Box Plots are sometimes called Box and Whisker Plots because they are made up from a box and two whiskers. The box describes the middle part of the data while the whiskers describe the data tails and sometimes tell us about outliers.
What does the box show in a box plot
The box in a Box Plot extends from the first quartile (Q1) to the third Quartile (Q3). This means the box contains the middle 50% of the data set.
The distance between the bottom of the box (Q1) and the top of the box (Q3) is the Inter Quartile Range (IQR). The Inter Quartile Range can be used as a measure of spread of the data set.
A large Inter Quartile Range suggests that the dataset might be quite spread out. While a small Inter Quartile Range suggests that the data set might be clustered around the median.
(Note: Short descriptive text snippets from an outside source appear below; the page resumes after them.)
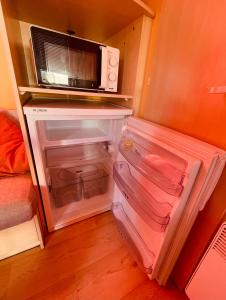 a refrigerator with its door open with a microwave at Vickys Walls Bungalow in Pataias +14 photos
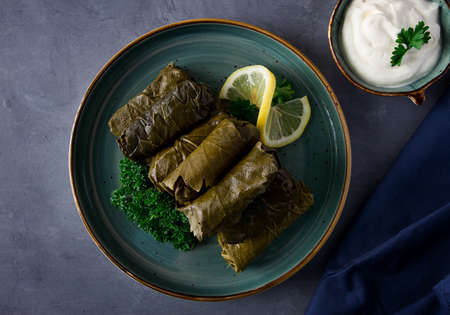 Dolma, cabbage rolls, grape leaves with filling, white sauce, lemon and herbs, rustic, selective...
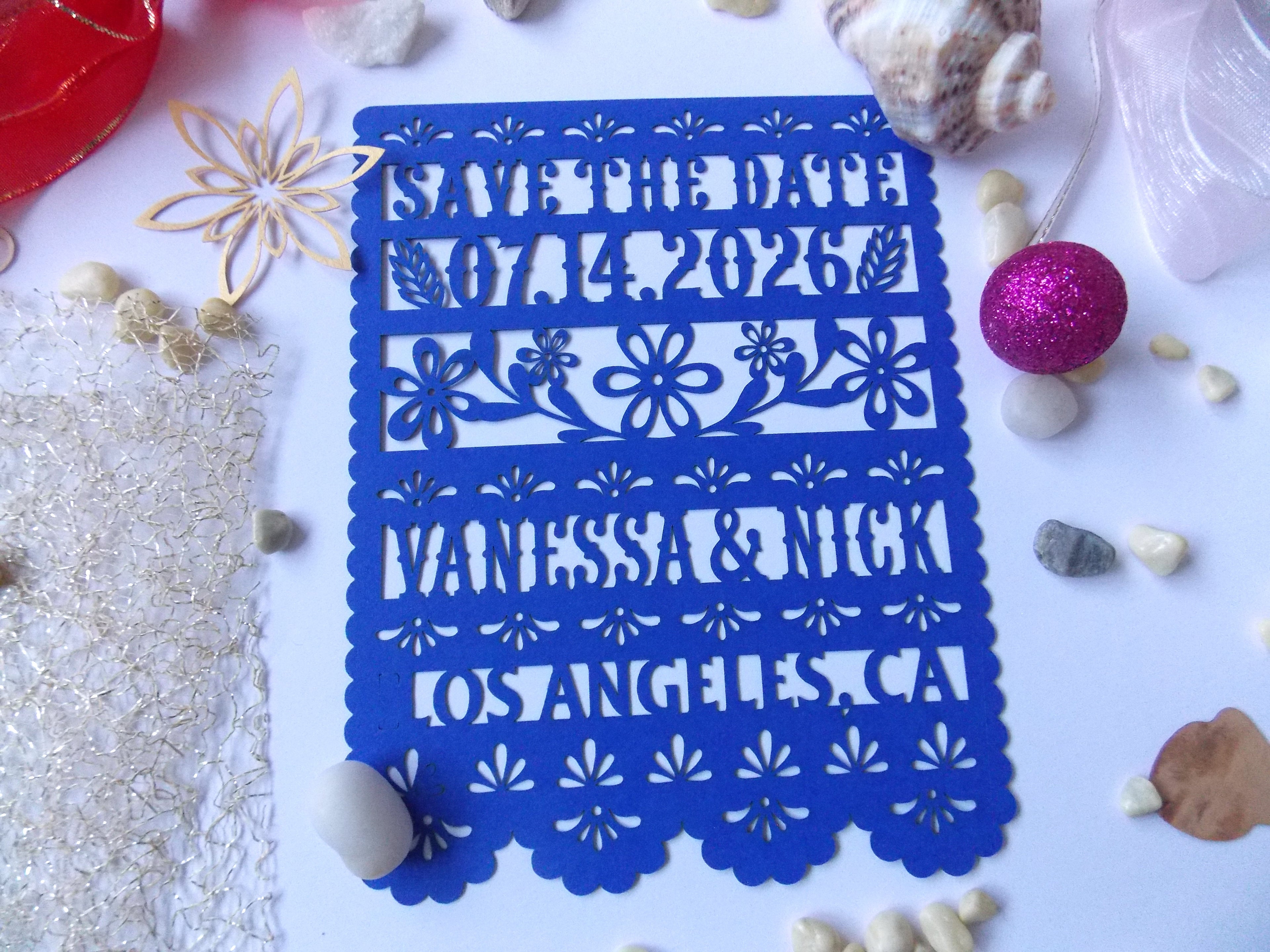 Blue 'Save the Date' card with floral patterns on a white surface with decorative items.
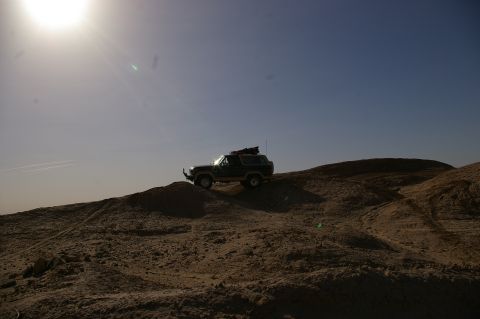 1986 Ford Bronco - A dark green Ford Bronco navigates a sandy terrain under a bright, hazy sky.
What do the whiskers show in a box plot
The whiskers show the outer 50% of the data set. The top whisker represents the top 25% of all data. The bottom whisker represents the bottom 25% of all data.
The whiskers can become really long if they are drawn to the minimum and maximum values of a data set and there are outliers. This can make it really hard to read a Box Plot because the boxes get squashed.
How to shorten the whiskers in a Box and Whisker Plot
The whiskers in a Box and Whisker graph can be made shorter by removing outliers or drawing them to the 5th and 95th percentile instead of minimum and maximum values.
Drawing whiskers to the 5th and 95th percentiles can shorten them a lot if you have some extreme values outside of these percentiles. An advantage of this approach is that percentiles are fairly standard way to compare data sets. A downside is that values inside the 5th and 95th percentiles can still make the whiskers really long.
Another approach is to limit the whiskers to some multiple of the Inter Quartile Range. For example, any values that are more than Q3 + 1.5 x IQR or less than Q1 - 1.5 x IQR get marked as outliers and excluded from the plot.
This approach means that the ratio of whisker to box size can be controlled, so the box never gets squashed. One disadvantage is that whiskers will be clipped at Q3 + 1.5 x IQR and Q1 - 1.5 x IQR which are not standard ways to compare data sets, and may lead to confusion or mis-interpretation.